Este artigo está sendo escrito sob condições ridículas em São Paulo, a maior e mais rica cidade brasileira. Sem energia elétrica desde sexta-feira, batuco a minha indignação em um laptop com pouca bateria, sem wifi, esperando que, por meio do bluetooth que nem sempre funciona, ele se conecte com o celular carregado ontem na doceira da esquina para que eu possa transmitir estas linhas para o sistema do Metrópoles.
Como chegamos a tal ponto? A Enel, concessionária encarregada de distribuir eletricidade aos paulistanos e também a outros brasileiros infelizes, é uma porcaria: os seus serviços de prevenção de problemas, de manutenção da rede, de atendimento emergencial e de comunicação com os clientes desrespeitam o contrato assinado com o governo federal e profanam os direitos dos cidadãos.
A desculpa de que o temporal e a ventania são os maiores responsáveis só aumenta a irritação. O “evento climático extremo” está longe de ser o primeiro e o último a ocorrer em São Paulo, e o último furacão na Flórida, o Milton, deixou menos domicílios sem luz lá do que aqui, o que dá a medida de como a nossa situação é grotesca.
O temporal e a ventania de sexta-feira na capital paulista sublinham de maneira brutal o que vem ocorrendo quando chove normalmente na cidade: árvores podres tombam sobre os fios, transformadores explodem, a eletricidade fica instável, há pequenos apagões — e você que arque com o custo dos eletrodomésticos e aparelhos estragados por causa das oscilações na corrente, que já fizeram com que eu perdesse uma geladeira e tivesse que gastar os tubos para consertar um computador.

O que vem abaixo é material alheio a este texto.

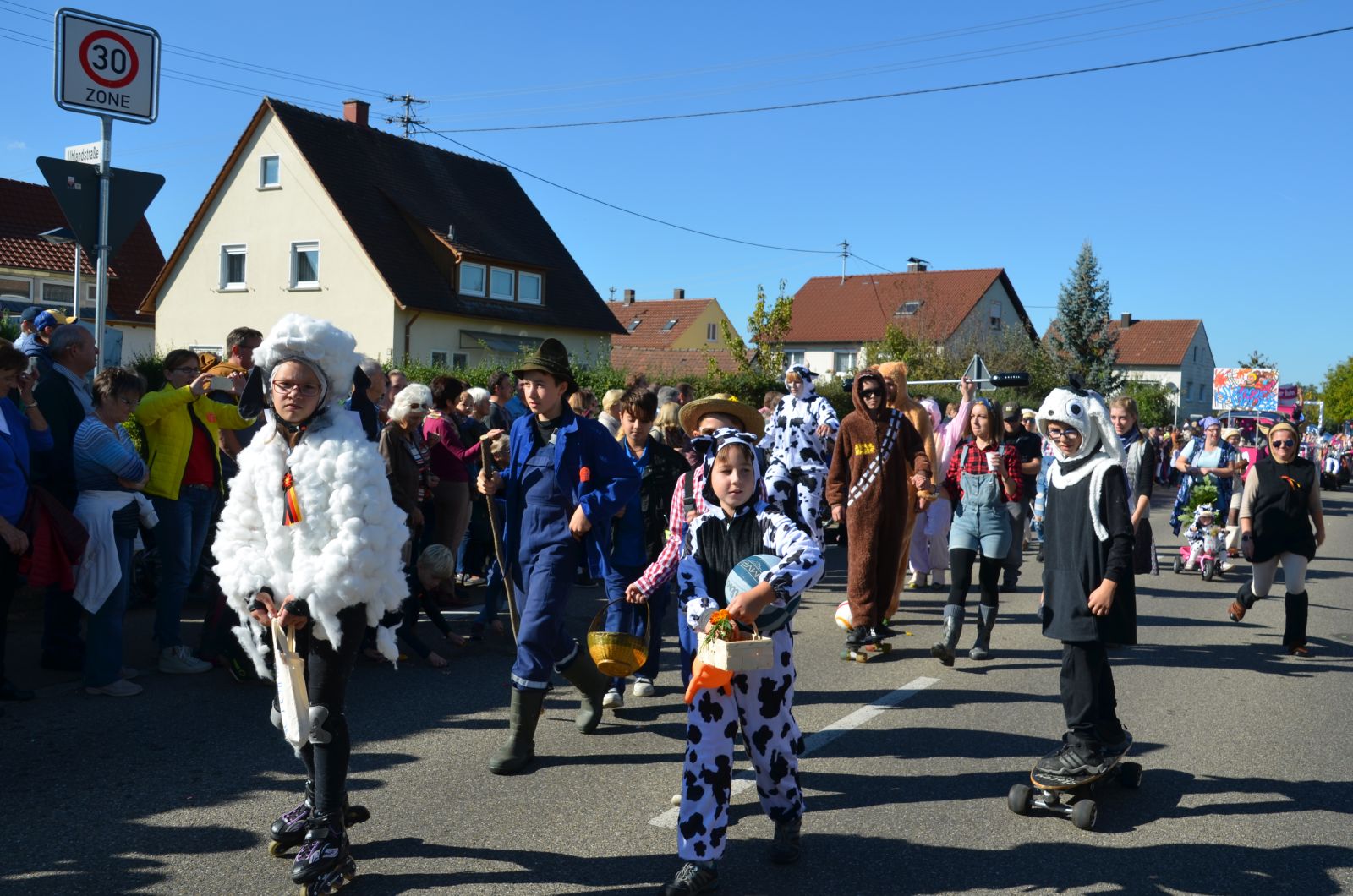 Foto vom Onolzheimer Hammeltanz 2016 – Festzug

A fiação aérea é uma questão incontornável que antecede a Enel, e a empresa não é responsável pela sua existência. Uma lei municipal prevê o enterramento de fios da parte das concessionárias, mas a Justiça decidiu que a Enel não está obrigada a fazê-lo, visto que se trata de concessão federal. Fios elétricos enterrados são essenciais para evitar que se fique à mercê das condições meteorológicas e da queda de árvores.
Conversei com quase todos os prefeitos de São Paulo nos últimos vinte anos e cobrei, como cidadão, que os fios fossem enterrados. Ouvi a mesma resposta de cada um deles: é muito caro e complicado. Ao que sempre retruquei: e para que serve um administrador se não é para encontrar soluções viáveis para problemas caros e complicados que precisam ser resolvidos DE QUALQUER FORMA?
A Enel é a ponta mais enervante no momento do problema da falta de governo nos diferentes níveis: municipal, estadual e federal (sei que estou sendo repetitivo, mas não é culpa minha se o Brasil é redundante). Nas mãos do estado, os serviços são escassos ou inexistentes, e por isso é asneira dizer que privatizações ou concessões são a causa das nossas mazelas. Veja-se o caso do saneamento público, uma vergonha estatal fedorenta e doentia. Quando o estado concede os serviços à iniciativa privada, mas não há vigilância sobre o seu cumprimento, empresas inescrupulosas maximizam os seus lucros despudoradamente, deixando de investir o que estava previsto em documento.
As agências encarregadas de fiscalizar as concessionárias dos serviços públicos permitem que a bandalha corra solta e só se manifestam quando os desastres ocorrem e todo mundo se pergunta para que elas existem. A Aneel vem fazendo vista grossa com a Enel desde há um ano, pelo menos, quando bairros inteiros de São Paulo ficaram sem energia elétrica durante uma semana. Uma semana! E, agora, o absurdo volta a ocorrer, sem que haja previsão confiável de quando acabará.
Cancelar a concessão da Enel é imprescindível, o que não é garantia de que ocorrerá, mas a medida de força não resolverá o nosso maior tormento: falta de governo no que é preciso ter governo. Foi assim que chegamos a tal ponto: os piores estão no comando. O apagão é o de um país ridiculamente desgovernado.
PS: tive de recorrer ao wifi do clube para transmitir este artigo.